Sólo cabe dar gracias a Annie Leibovitz por que haya venido en nuestro auxilio con la que está cayendo. El estado colectivo de obnubilación desde que se presentaron sus retratos de los Reyes permite digerir mejor el vodevil de Lobato, la trama Koldo, los soplos de Aldama y aun la desesperación latente de los afectados por la DANA que, un mes después de la devastación, empiezan a olerse que les pase lo mismo que a los vecinos de La Palma en lo referente a tanta promesa de ayudas.
Lo de Leibovitz es genialidad pura. Podrán gustar más o menos sus cuadros-fotografías, a Arcadi sin ir más lejos el retrato de Letizia le parece de poca importancia, pero la autora ha logrado no sólo que todo quisqui lleve días hablando de ellos, sino también provocar un debate metafísico acerca de la Monarquía y de los atributos que la caracterizan. Y ya es marciano que eso lo genere el trabajo de Leibovitz, quien pajolera idea ha demostrado tener de tan singular institución, más allá de la tontorrona y romantizada fascinación que seguramente le despierta. De su ignorancia hizo gala cuando en 2007 retrató a la reina más reina, Isabel II, y tuvo la osadía de decirle a Su Graciosa Majestad que si tenía a bien quitarse la tiara favorita de la reina María que llevaba, porque tanto brillante junto a la aparatosa capa de la Nobilísima Orden de la Jarretera y las tropecientas medallas símbolo de su soberanía que le colgaban de la pechera le resultaban a la artista demasiado pastiche. Uno se hubiera endeudado por presenciar a la monarca torciéndole el morro al espetarle lo de "¿pero usted sabe qué es esto?", atornillándose a la cabeza aún más la espléndida tiara de las Niñas de Gran Bretaña e Irlanda. Pues otro tanto, es de suponer, le pasaría a doña Annie cuando vio a la Reina Letizia en el Salón de Gasparini con su banda de la Orden de Carlos III y a saber con qué corona, quizá la Flor de lis, que es con la que más se empoderan nuestras consortes.

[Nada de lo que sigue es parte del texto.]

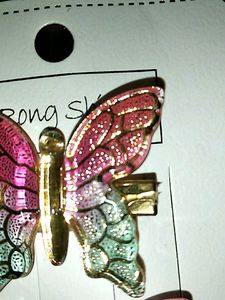 Butterfly Hair Clips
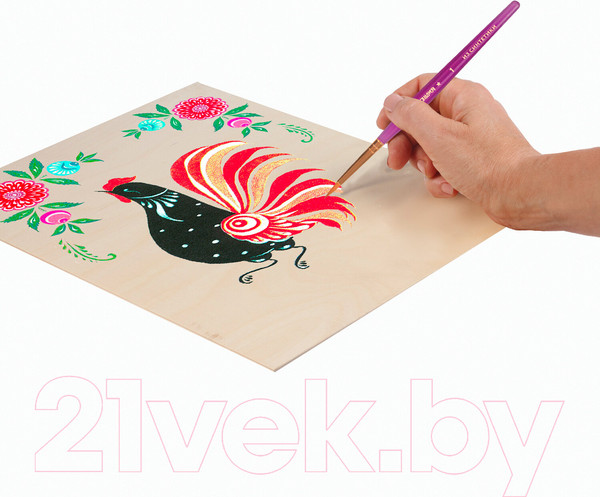 Изображение товара Набор кистей Юнландия Синтетика / 200886 (3шт)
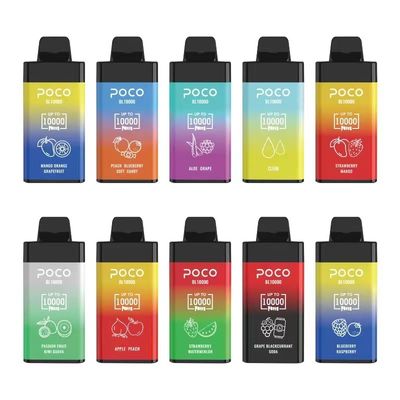 10 Stück/Kiste 200 Stück/Gehäuse Big Puff Vape mit USB-C-Ladestyp und Mesh Coil für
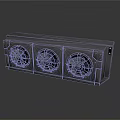 Triple Fan Cooling Equipment In Black Housing For Commercial Use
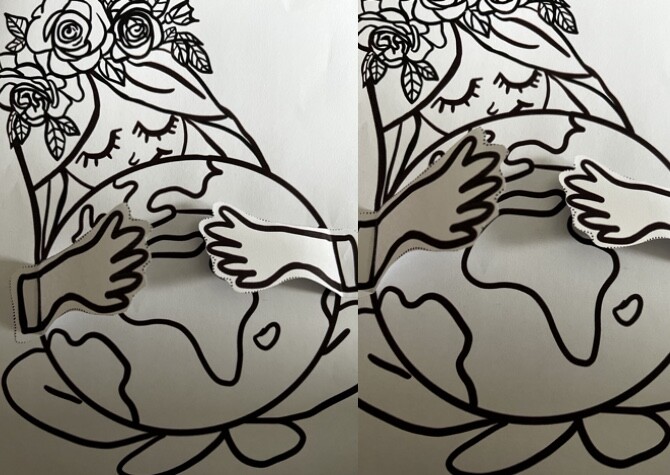 Dzień Ziemi - karta pracy, ćwiczenie, kolorowanka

Pero, a diferencia de Isabel II, no tuvo problema Letizia en desnudarse de accesorios y remar a favor para que la fotógrafa pariera una obra de arte colosal de la esposa de Felipe VI. Primero, y esto no se subraya lo suficiente, porque lo de Leibovitz no son retratos oficiales. Se están comparando estas fotos, mezclando churras con meninas, con los cuadros de los retratistas de cámara que inmortalizaban antaño a los miembros de las familias reales que se repartían el orbe, en los que se resaltaban los valores con los que a cada soberano le convenía adornarse. No es el caso. Pero, además, porque, en plena era de la comunicación de masas, no deja de ser cierto que, irremediablemente, los royals son hoy también competidores aventajados en la esfera de la celebridad. Y ese es un punto a favor de las monarquías parlamentarias respecto a los sistemas republicanos que Leibovitz ha captado a la perfección. Menuda tontunada es ver en Doña Letizia una Reina menos reina por posar para una foto no institucional sin tiara, cuando pocas veces los Reyes han transmitido con más fuerza la verdad que encierra el enunciado constitucional de que el Monarca es símbolo de la nación y, como tal, la personificación del Estado, que con las caras manchadas de barro y unas chamarras como vestuario el otro día en Paiporta.